In Python use SciPy, you just need your P value returned to test, so 2 return values from this function (I'm ignoring optional (not needed) inputs here for clarity):
import scipy.stats
[W, Pvalue] = scipy.stats.morestats.shapiro(x)
Perform the Shapiro-Wilk test for normality. The Shapiro-Wilk test tests the null hypothesis that the data was drawn from a normal distribution.
If you want to see if it is lognormally distributed (provided it doesn't pass the P test above), you can try:
import numpy
[W, Pvalue] = scipy.stats.morestats.shapiro(numpy.log(x))
Interpret the same way - I just tested on a known lognormally distributed simulation and got a 0.17 Pvalue on the np.log(x) test, and a number close to 0 for the standard shapiro(x) test. That tells me lognormally distributed is the better choice, normally distributed fails miserably.
I made it simple which is what I gathered you are looking for. For other distributions, you may need to do more work along the lines of Q-Q plots https://en.wikipedia.org/wiki/Q%E2%80%93Q_plot and not simply following a few tests I proposed. That means you have a plot of the distribution you are trying to fit to vs. your data plotted. Here's a quick example that can get you down that path if you so desire:
import numpy as np
import pylab
import scipy.stats as stats
mydata = whatever data you are looking to fit to a distribution
stats.probplot(mydata, dist='norm', plot=pylab)
pylab.show()
Above you can substitute anything for dist='norm' from the scipy library http://docs.scipy.org/doc/scipy/reference/tutorial/stats/continuous.html#continuous-distributions-in-scipy-stats
then find its scipy name (must add shape parameters according to the documentation such as stats.probplot(mydata, dist='loggamma', sparams=(1,1), plot=pylab) or for student T stats.probplot(mydata, dist='t', sparams=(1), plot=pylab)), then look at the plot and see how close your data follows that distribution. If the data points are close you've found your distribution. It will give you an R^2 value too on the graph; closer to 1 the better the fit generally.
And if you want to continue trying to do what you're doing with the dataframe, try changing to: plt.hist(df['Frequency'].values)
Please vote for this answer if it answers your question :) Need some bounty to get replies on my own programming dilemmas.
Did you try using the seaborn library? They have a nice kernel density estimation function. Try:
import seaborn as sns
sns.kdeplot(df['frequency'])
You find installation instructions here
The only distribution the data carry within itself is the empirical probability. If your have data as a 1d numpy array data you can compute the value of the empirical distribution function at x as the cumulative relative frequency of the values lesser than or equal to x:
d[d <= x].size / d.size
This is a step function so it does not have an associated probability density function but a probability mass function where the mass of each observed value is its relative frequency. To compute the relative frequencies:
values, freqs = np.unique(data, return_counts=True)

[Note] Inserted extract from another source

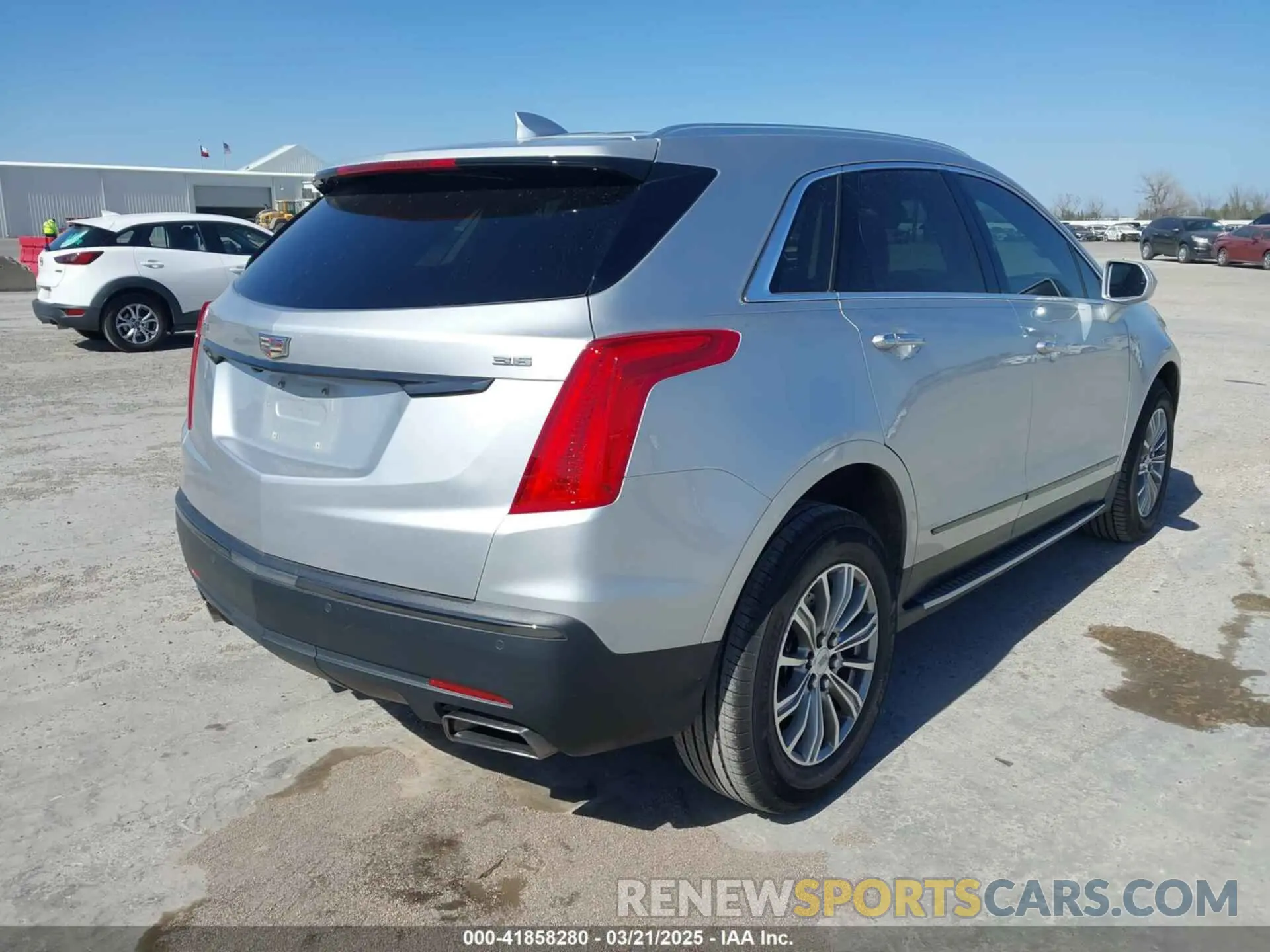 4 Photograph of a damaged car 1GYKNCRS3KZ100411 CADILLAC XT5 2019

rfreqs = freqs / data.size
This does not mean that the data is a random sample from their empirical distribution. If you want to know what distribution your data are a sample from (if any) just by looking at the data, the answer is you can't. But that is more about statistics than about programming.
The histogram does not what you think it does, you try to show a bar graph. The histogram needs each data point separately in a list, not the frequency itself. You have [3,2,0,4,...] bout should have [1,1,1,2,2,4,4,4,4]. You can not determine a probability distribution automatically
I think you are asking a slightly different question:
What is the correlation between my raw data and the curve to which I have mapped it?
This is a conceptual problem, and you're are trying to understand the meanings of the values R and R squared. Start by working through this MiniTab blog post. You may want to skim this non-Python Kaledia Graph Guide to understand the classes of curves to fit and the usage of Least-Mean-Squares in fitting the curves.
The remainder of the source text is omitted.